** Directions for this task **
When you reach the line containing "WESLITE Torcia UV", repeat that line and each one after it exactly until the records end, leaving out pictures.

** Data to examine **
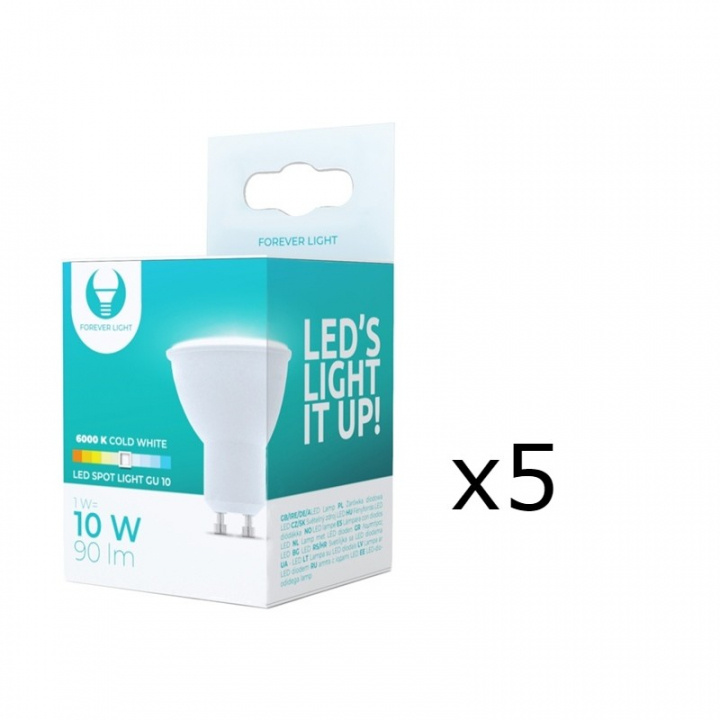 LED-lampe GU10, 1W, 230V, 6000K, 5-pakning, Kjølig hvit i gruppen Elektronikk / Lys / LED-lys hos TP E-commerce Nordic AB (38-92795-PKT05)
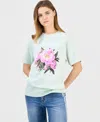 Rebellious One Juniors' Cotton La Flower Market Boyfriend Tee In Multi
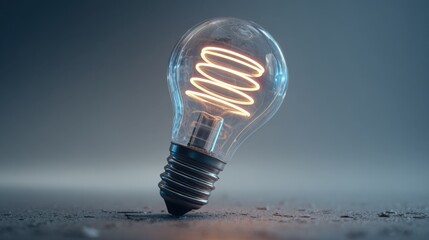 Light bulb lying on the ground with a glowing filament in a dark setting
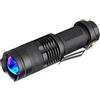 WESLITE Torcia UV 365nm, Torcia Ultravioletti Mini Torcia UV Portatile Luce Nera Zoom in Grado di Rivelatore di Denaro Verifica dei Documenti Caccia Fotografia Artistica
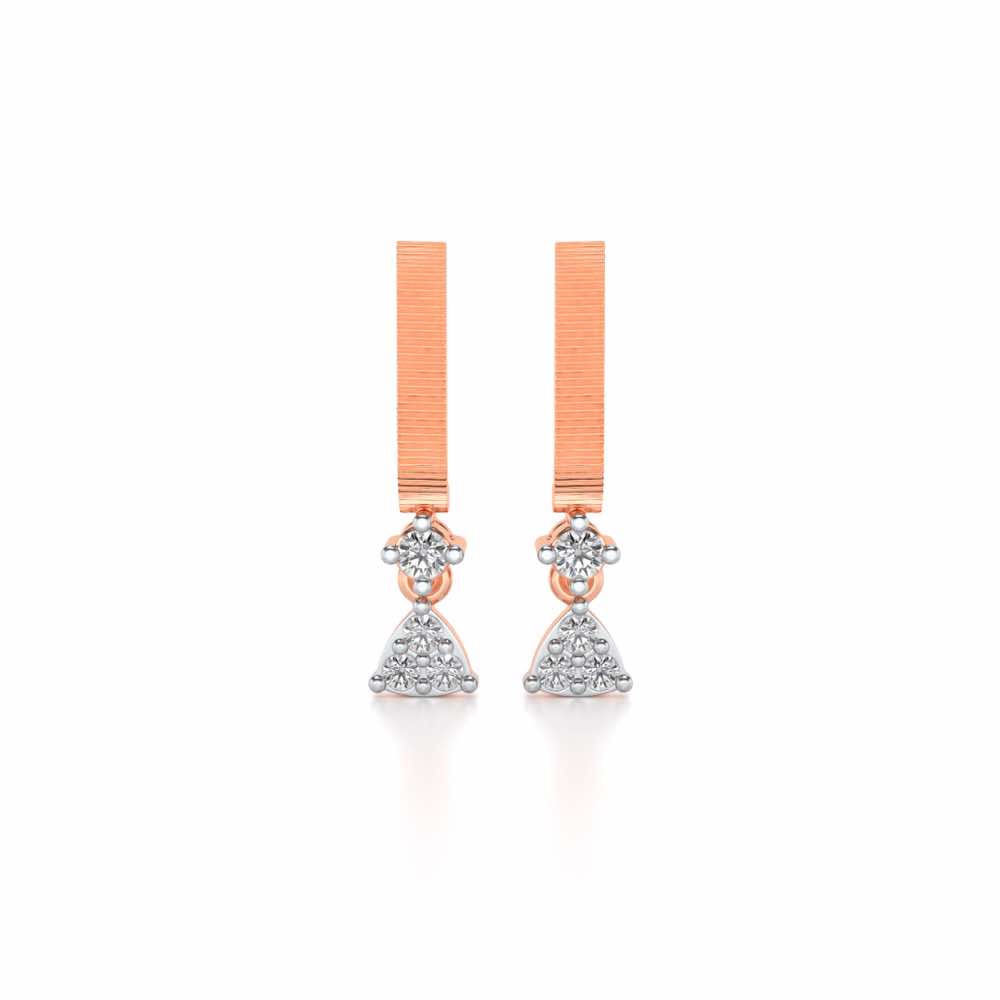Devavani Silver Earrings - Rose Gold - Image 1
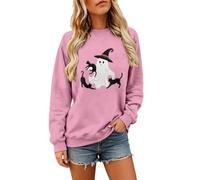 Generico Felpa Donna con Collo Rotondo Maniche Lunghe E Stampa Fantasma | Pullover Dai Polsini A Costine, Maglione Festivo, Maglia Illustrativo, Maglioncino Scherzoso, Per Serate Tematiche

** The completed task **
 WESLITE Torcia UV 365nm, Torcia Ultravioletti Mini Torcia UV Portatile Luce Nera Zoom in Grado di Rivelatore di Denaro Verifica dei Documenti Caccia Fotografia Artistica
Devavani Silver Earrings - Rose Gold - Image 1
 Generico Felpa Donna con Collo Rotondo Maniche Lunghe E Stampa Fantasma | Pullover Dai Polsini A Costine, Maglione Festivo, Maglia Illustrativo, Maglioncino Scherzoso, Per Serate Tematiche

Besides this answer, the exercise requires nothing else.